Myshkin's insistence on forgiving everyone who has wronged him in some way is possibly the least comprehensible thing about his behavior, at least as far as everyone else is concerned. Not only does he immediately forgive verbal abuse, deceit, and even violence directed his way, but he then goes out of his way to try to help the people responsible. His compassion in The Idiot overrides any feelings of self-esteem or dignity—but it is also this tendency that makes him the only character in the novel to see Nastasya as anything other than a wasted life.
Questions About Compassion and forgiveness
- Does anyone else in the novel struggle with trying to forgive someone? Does he/she succeed or fail? What are the consequences?
- In the world of the novel, is Myshkin right to feel compassion toward Ippolit? Burdovsky? Rogozhin? Why or why not?

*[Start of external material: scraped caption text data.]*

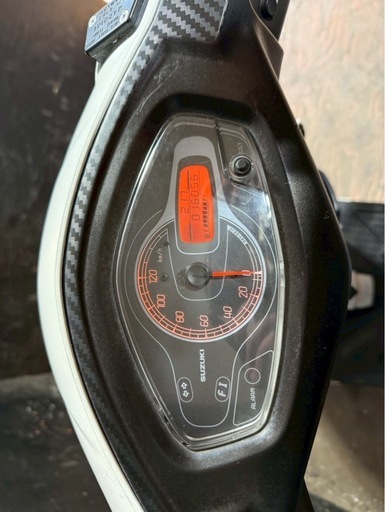 ★支払い総額6.5万円★関東圏内即日配送可能！スズキ　アドレスv125S CF4MA サイスタ付き！リアボックス付き！バッテリー新品！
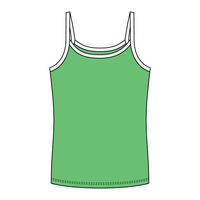 Rib Full-Length Tank with Contrast Spaghetti Straps - The Collegiate Lineup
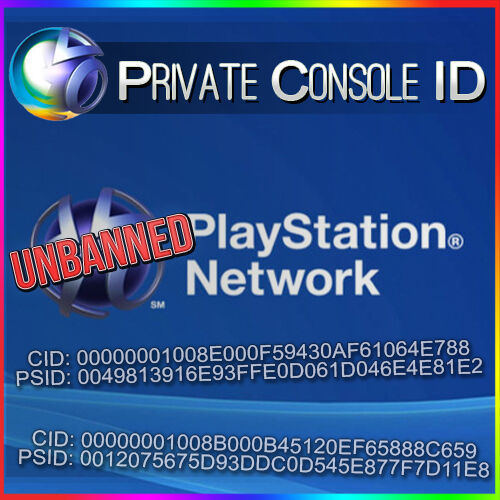 Console ID + PSID IDPS Unban 100% private with warranty Без бренда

- The novel raises a huge problem with just going around and forgiving people. People get mad at not having had to do anything to earn forgiveness. This desire to atone for—i.e., make up for—doing wrong seems like a fundamental human trait. Does anyone in the novel actually atone for anything they do? Is there anyone who works on earning forgiveness?
Chew on This
Over and over again, compassion is shown to be a harmful emotion in the novel. There is absolutely no one the prince encounters who does not try to take advantage of him in some way.
The novel is essentially a conflict between Myshkin, who feels deep compassion for Nastasya, and Nastasya, who cannot feel compassion for herself.